Os dois presidentes empenharam-se em políticas externas independentes, recusando alinhamentos automáticos e buscando inovação e protagonismo, nem sempre bem-sucedidos, mas geradores de amplos benefícios retóricos. Em termos de eficácia, o atual esforço exportador não tem precedentes e não pode ser comparado aos resultados da distensão janista com os socialistas e o Terceiro Mundo. Jânio, entretanto, foi mais corajoso -e se deu mal.
Ambos chegaram ao governo sem um plano consistente, impávidos da sua magnificência histórica, prometendo o impossível de cumprir. Jânio fez carreira condenando os políticos e os partidos, arvorando-se como o mais idealista, o mais honesto e o único capaz de consertar o país.

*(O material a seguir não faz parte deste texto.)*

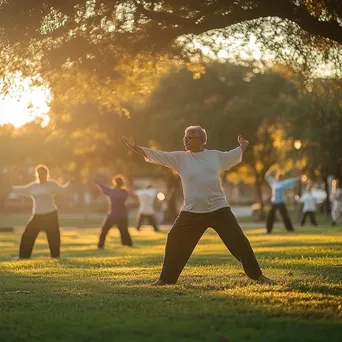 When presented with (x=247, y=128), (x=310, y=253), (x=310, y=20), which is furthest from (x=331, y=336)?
(x=247, y=128)

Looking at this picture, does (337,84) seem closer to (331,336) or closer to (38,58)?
(38,58)

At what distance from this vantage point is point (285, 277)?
12.1 metres

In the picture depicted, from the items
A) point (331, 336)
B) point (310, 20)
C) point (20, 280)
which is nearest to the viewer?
point (331, 336)

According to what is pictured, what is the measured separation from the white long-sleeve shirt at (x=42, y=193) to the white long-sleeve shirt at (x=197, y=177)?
26.4 feet

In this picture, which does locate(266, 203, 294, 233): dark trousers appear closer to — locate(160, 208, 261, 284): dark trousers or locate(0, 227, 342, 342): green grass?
locate(0, 227, 342, 342): green grass

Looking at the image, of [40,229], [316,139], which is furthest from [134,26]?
[316,139]

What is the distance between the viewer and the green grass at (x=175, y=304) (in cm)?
762

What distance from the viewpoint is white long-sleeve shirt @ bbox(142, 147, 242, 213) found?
10.8 meters

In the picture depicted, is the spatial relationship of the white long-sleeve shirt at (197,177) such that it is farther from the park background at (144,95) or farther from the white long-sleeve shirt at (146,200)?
the white long-sleeve shirt at (146,200)

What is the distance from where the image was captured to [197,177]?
1076 cm

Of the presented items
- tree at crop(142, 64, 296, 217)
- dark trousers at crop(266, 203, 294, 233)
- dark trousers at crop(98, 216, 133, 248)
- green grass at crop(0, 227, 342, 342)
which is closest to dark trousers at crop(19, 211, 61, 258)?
→ green grass at crop(0, 227, 342, 342)

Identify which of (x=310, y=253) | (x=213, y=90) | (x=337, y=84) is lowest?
(x=310, y=253)

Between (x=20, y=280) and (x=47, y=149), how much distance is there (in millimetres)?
51538

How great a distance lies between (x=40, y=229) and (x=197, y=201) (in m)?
8.59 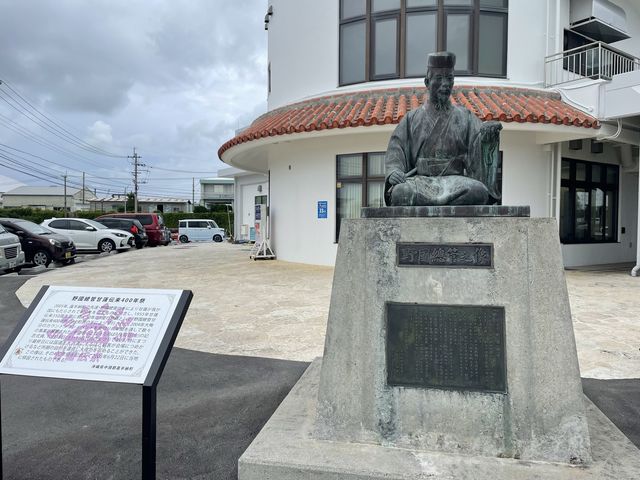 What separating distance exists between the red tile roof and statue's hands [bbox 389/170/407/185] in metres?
5.79

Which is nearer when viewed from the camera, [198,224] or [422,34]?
[422,34]

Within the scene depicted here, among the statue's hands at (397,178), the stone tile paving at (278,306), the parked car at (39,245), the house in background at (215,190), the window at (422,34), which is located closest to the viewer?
the statue's hands at (397,178)

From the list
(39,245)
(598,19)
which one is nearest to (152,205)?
(39,245)

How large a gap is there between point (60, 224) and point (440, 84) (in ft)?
59.2

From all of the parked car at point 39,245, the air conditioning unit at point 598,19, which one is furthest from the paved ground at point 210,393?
the air conditioning unit at point 598,19

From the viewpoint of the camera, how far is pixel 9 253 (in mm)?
10773

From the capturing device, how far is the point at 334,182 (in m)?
A: 10.9

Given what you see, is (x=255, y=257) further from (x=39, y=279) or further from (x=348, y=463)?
(x=348, y=463)

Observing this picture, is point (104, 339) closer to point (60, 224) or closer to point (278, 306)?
point (278, 306)

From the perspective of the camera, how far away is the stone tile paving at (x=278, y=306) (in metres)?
4.78

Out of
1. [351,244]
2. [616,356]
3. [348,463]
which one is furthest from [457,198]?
[616,356]

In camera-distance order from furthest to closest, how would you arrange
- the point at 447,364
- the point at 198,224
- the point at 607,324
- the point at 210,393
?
the point at 198,224 → the point at 607,324 → the point at 210,393 → the point at 447,364

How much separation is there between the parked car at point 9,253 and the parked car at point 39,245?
120 centimetres

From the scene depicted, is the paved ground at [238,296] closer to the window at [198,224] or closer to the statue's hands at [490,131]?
the statue's hands at [490,131]
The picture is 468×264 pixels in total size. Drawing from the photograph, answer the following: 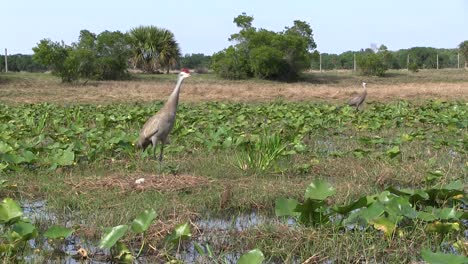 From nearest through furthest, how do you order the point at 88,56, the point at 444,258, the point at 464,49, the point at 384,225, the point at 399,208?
1. the point at 444,258
2. the point at 384,225
3. the point at 399,208
4. the point at 88,56
5. the point at 464,49

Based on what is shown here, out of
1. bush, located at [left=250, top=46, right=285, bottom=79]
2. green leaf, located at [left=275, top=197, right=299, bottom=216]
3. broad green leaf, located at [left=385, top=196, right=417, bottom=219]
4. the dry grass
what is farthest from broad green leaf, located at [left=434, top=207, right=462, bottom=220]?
bush, located at [left=250, top=46, right=285, bottom=79]

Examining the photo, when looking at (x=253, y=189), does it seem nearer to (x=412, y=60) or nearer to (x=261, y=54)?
(x=261, y=54)

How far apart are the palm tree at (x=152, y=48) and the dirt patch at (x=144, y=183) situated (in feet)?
94.3

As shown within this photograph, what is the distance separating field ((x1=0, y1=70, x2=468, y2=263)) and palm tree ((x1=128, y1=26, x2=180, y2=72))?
2194 cm

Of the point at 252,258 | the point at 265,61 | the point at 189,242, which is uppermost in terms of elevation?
the point at 265,61

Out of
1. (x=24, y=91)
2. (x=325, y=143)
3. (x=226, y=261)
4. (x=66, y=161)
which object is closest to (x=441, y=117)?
(x=325, y=143)

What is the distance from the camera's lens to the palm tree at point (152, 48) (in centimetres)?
3462

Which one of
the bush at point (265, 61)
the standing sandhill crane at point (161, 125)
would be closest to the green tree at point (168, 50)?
the bush at point (265, 61)

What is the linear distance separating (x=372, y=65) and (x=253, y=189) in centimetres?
3116

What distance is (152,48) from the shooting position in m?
34.9

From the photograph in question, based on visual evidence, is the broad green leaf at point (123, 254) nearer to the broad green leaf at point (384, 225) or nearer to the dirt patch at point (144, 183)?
the broad green leaf at point (384, 225)

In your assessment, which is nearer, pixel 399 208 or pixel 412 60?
pixel 399 208

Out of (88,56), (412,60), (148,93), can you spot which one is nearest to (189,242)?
(148,93)

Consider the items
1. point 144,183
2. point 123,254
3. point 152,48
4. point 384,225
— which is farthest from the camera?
point 152,48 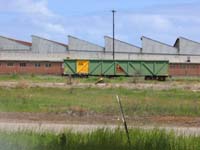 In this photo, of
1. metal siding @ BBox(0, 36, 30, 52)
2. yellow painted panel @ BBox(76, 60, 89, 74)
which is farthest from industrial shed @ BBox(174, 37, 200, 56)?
yellow painted panel @ BBox(76, 60, 89, 74)

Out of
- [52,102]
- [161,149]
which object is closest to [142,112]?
[52,102]

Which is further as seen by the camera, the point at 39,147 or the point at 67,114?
the point at 67,114

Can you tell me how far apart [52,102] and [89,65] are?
160 ft

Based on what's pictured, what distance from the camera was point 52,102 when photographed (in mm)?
30719

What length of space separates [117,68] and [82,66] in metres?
4.94

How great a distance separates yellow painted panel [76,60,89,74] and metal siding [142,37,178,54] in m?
32.1

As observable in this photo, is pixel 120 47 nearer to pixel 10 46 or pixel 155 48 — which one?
pixel 155 48

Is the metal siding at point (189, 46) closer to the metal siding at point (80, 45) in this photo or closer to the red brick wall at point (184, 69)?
the red brick wall at point (184, 69)

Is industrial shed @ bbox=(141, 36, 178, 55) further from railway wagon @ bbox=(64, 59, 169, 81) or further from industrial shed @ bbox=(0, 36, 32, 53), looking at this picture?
railway wagon @ bbox=(64, 59, 169, 81)

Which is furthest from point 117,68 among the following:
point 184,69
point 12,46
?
point 12,46

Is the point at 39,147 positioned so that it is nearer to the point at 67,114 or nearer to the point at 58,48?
the point at 67,114

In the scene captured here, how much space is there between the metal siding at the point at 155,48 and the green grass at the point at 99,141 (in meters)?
96.3

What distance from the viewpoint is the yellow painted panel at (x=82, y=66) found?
7850cm

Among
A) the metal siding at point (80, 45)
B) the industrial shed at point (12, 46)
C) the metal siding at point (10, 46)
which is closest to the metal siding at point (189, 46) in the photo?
the metal siding at point (80, 45) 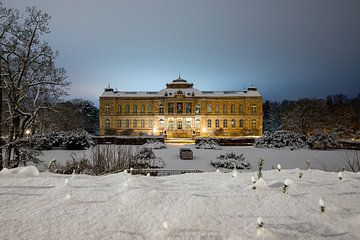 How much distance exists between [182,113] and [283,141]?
25.6 metres

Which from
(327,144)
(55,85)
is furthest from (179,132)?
(55,85)

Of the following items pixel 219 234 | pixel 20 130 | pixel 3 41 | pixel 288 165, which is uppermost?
pixel 3 41

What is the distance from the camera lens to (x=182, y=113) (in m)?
47.1

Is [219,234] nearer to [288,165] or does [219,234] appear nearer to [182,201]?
[182,201]

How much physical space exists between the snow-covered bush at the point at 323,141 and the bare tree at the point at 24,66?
76.4 ft

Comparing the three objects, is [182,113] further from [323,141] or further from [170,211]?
[170,211]

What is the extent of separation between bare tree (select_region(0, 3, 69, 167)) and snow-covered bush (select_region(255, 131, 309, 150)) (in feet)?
67.5

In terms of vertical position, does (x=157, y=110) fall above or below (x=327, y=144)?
above

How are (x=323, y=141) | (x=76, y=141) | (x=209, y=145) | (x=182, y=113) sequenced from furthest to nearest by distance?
(x=182, y=113), (x=209, y=145), (x=323, y=141), (x=76, y=141)

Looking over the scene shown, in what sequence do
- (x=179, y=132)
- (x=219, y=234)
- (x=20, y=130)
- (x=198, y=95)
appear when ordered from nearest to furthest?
(x=219, y=234) → (x=20, y=130) → (x=179, y=132) → (x=198, y=95)

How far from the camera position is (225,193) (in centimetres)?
265

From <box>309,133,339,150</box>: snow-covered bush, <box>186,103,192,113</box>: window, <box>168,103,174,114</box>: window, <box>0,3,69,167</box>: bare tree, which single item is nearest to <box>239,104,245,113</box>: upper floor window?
<box>186,103,192,113</box>: window

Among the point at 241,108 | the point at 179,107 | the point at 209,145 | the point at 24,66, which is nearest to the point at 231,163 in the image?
the point at 209,145

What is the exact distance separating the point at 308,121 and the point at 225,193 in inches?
1472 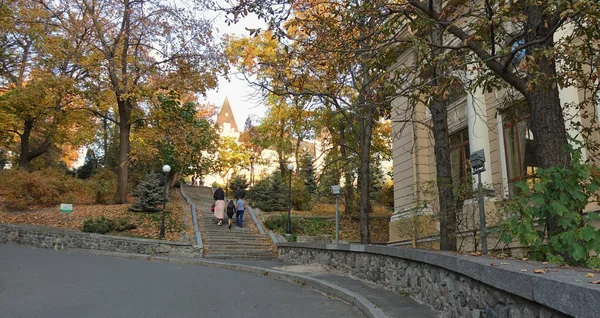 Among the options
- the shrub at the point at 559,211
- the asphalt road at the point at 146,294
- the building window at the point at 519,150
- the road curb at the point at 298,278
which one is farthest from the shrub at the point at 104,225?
the shrub at the point at 559,211

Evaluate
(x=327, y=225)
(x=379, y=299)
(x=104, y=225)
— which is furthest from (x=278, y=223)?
(x=379, y=299)

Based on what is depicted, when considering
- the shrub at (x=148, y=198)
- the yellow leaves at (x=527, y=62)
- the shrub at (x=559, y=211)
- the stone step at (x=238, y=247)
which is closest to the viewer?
the shrub at (x=559, y=211)

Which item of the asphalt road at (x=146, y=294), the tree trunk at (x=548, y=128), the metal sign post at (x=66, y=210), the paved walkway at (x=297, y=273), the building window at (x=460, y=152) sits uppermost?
the building window at (x=460, y=152)

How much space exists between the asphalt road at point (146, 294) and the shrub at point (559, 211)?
9.41ft

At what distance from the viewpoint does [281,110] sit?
101ft

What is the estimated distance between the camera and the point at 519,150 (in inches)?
517

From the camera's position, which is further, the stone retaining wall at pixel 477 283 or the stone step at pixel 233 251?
the stone step at pixel 233 251

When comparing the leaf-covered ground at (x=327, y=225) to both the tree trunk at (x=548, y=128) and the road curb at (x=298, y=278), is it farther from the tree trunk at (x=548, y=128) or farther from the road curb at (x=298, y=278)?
the tree trunk at (x=548, y=128)

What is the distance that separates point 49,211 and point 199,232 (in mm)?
7583

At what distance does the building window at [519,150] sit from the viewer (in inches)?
499

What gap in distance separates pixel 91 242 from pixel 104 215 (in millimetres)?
2961

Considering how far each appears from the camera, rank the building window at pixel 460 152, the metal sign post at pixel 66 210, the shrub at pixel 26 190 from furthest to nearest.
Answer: the shrub at pixel 26 190 < the metal sign post at pixel 66 210 < the building window at pixel 460 152

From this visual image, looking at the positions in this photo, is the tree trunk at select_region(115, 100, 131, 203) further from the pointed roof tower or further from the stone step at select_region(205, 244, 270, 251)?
the pointed roof tower

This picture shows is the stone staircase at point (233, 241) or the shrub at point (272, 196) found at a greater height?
the shrub at point (272, 196)
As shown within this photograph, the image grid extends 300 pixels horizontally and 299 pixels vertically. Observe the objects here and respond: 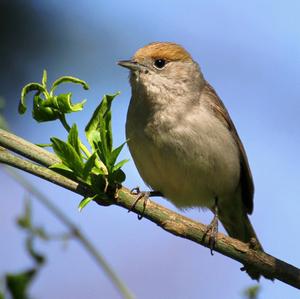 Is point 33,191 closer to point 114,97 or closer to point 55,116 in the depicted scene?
point 55,116

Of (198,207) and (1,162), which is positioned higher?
(198,207)

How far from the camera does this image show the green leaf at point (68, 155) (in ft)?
6.57

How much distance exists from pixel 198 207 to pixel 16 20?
3740 millimetres

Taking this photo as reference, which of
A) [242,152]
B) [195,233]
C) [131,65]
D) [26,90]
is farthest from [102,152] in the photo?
[242,152]

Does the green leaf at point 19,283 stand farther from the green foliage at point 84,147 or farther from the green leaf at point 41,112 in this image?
the green leaf at point 41,112

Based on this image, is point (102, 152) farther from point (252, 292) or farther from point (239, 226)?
point (239, 226)

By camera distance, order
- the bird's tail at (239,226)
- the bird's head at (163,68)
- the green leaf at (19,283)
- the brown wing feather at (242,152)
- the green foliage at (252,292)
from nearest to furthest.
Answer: the green leaf at (19,283) → the green foliage at (252,292) → the bird's head at (163,68) → the brown wing feather at (242,152) → the bird's tail at (239,226)

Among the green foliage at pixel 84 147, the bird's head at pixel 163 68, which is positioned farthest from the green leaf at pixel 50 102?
the bird's head at pixel 163 68

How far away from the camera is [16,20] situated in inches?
288

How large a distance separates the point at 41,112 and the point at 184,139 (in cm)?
207

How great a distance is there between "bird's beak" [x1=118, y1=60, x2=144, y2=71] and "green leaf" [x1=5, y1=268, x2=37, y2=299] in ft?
8.95

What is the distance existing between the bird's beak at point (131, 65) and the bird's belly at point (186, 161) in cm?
43

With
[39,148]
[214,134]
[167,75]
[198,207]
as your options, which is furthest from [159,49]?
[39,148]

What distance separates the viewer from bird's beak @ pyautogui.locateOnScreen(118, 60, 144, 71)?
429 centimetres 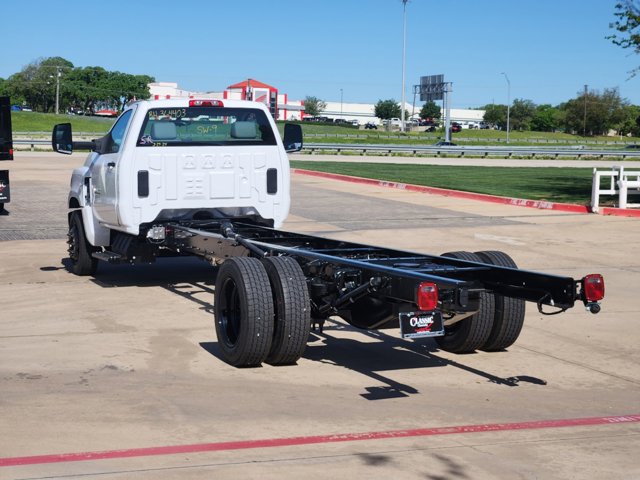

O PT foi mais longe, fundamentando-se em toda uma filosofia de desprezo e guerra aos partidos e à política burguesa, cujos desastres históricos ainda não foram purgados. Hoje, paga caro pela sua concepção instrumental de democracia.
Jânio exorbitava de voluntarismo e de incompreensão. Foi o pico culminante da cordilheira do narcisismo brasileiro, aquela formação rochosa de gênios salvadores, artistas inquestionáveis e jornalistas prepotentes na qual despontam os picos talentosos Gilberto Freyre, Assis Chateaubriand, Darcy Ribeiro, Glauber Rocha, Caetano Veloso e Fernando Henrique Cardoso. Jânio foi o pico da Neblina. Ao desmoronar, consagrou-se pelo avesso, virando o epítome do político oportunista e fraudulento que tanto combatera. Lula é menos egocêntrico, mas a cada dia se torna um político mais profissional.
Em 1961, a esquerda rechaçou o projeto reformista de Jânio, embora muitos o apoiassem, até comunistas. Aqueles que hoje reclamam da suposta conversão neoliberal de Lula podem estar diante da virada: do espetáculo de desapontamento para o espetáculo do apoio popular. Progressos reais valem mais do que expectativas grandiosas. Não raro, a paixão política dissemina uma satisfação alucinatória cuja frustração costuma ser proporcional ao investimento. Em 1960 ou 2006, tudo que "está aí" continua aí mesmo. A questão não é não ter esperanças na política, mas que esperanças ter.

Ricardo Arnt, 53, jornalista e escritor, é autor de "Jânio Quadros: o Prometeu de Vila Maria" (Ediouro, 2004).